Mr Lunatik shoots the sheriff

Publié le par Ða

Dear 4000,

"You want Eric crapped on?" the eager bartender in a Shimo-Kitazawa bar asked.   "Sure, why not?" I answered, looking round for Eric the fecal freak. When the dreary lyrics of "I Shot The Sheriff." came on, I felt more like crapping than clapping.

I took her to an "Adult Toys" shop in Kabukicho; stopping to admire the line of vibrators topped with former prime ministers' heads.  "Who do you like?" I asked.  No answer, she was passed out on the floor.  Too bad, she missed my favorite, the Hello Kitty. tool. Hello Kitty, Hello Pussy.

Ego strokes for older guys: sleeping with women less than half your age.  Women who are not whoring or seeking promotion, but actually like you.  The fractions game is best not played in your twenties.
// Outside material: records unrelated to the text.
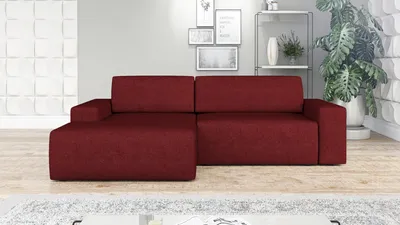 A red sectional sofa is shown in a living room setting with decorative elements on the wall and a plant in the background.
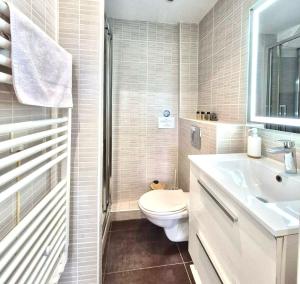 a white bathroom with a toilet and a sink at Cozy Bosio - Studio de charme Cours Saleya in Nice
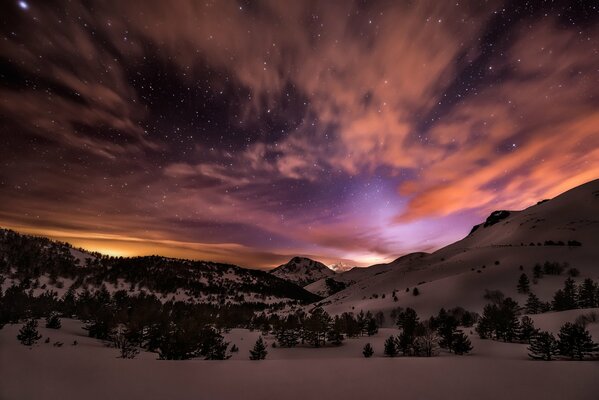 Resplandor sobre las montañas nevadas por la noche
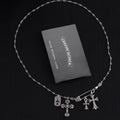 Silver-tone cross charm necklace with multiple dangling crosses on a chain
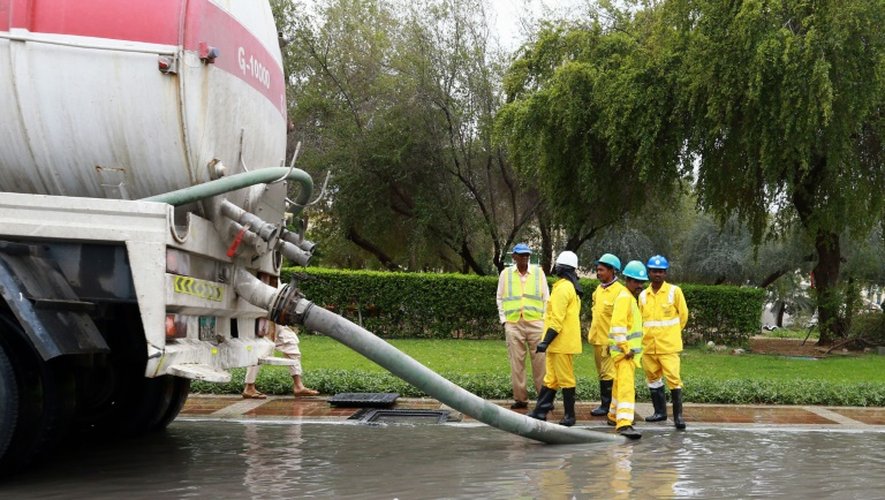 Des employés municipaux pompent de l'eau d'une rue après après des intempéries à Abou Dhabi, le 9 mars 2016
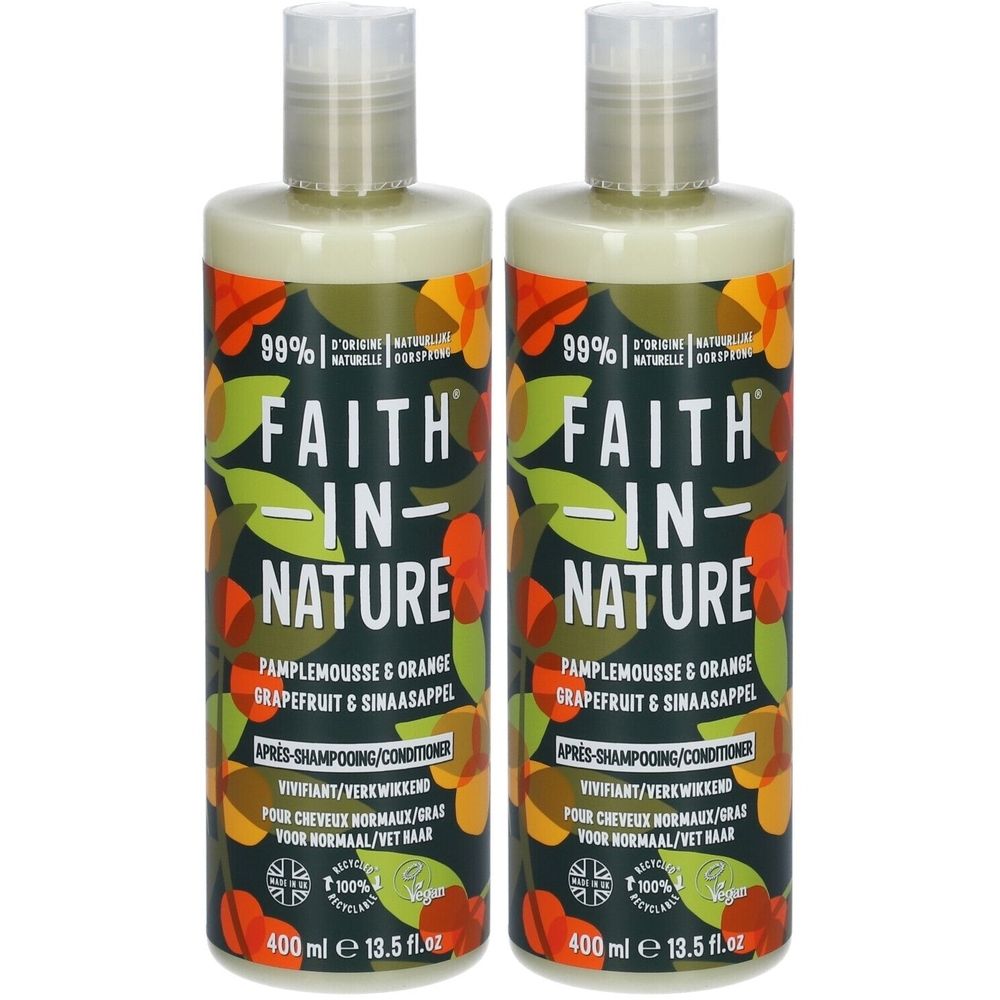 Twee flessen conditioner. Opschrift: FAITH IN NATURE, Grapefruit & Sinaasappel. 400 ml. 99% natuurlijke ingrediënten. Voor normaal/vet haar.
I wondered if the American loudmouth with "Momma" tattooed on his arm was influenced by Baudrillard's ideas on images and identity. Or had he considered "M"s inked on his ass cheeks, his hole serving as the "O"? Upside down, of course, is wow.

A night of canned heat and liquid laughter was capped by flying upside down.  It was great while it lasted, but then gravity kicked in. Flipping off your bike is very temporary fun.

Nova, the biggest English language school in Japan, is closed. Call it a scam rather than a school, an organized crime. Lie to customers, lie to staff. Enforce racism while ripping off locals. Blame it on the Boss of Nova.

Neither Hard Gay nor Real Hard Gay are gay.  Welcome to the wacky world of Japanese television.

Alone and lost in a dark forest, accompanied only by the distant boom of a Buddhist temple bell. 15 kilometers of sweating, up and down three mountains, wondering how to pull this one off. Two hours later I roared through the world's busiest railway station, heading for a chic Italian restaurant in one of Tokyo's trendiest districts. Just another day off in the Big Sushi.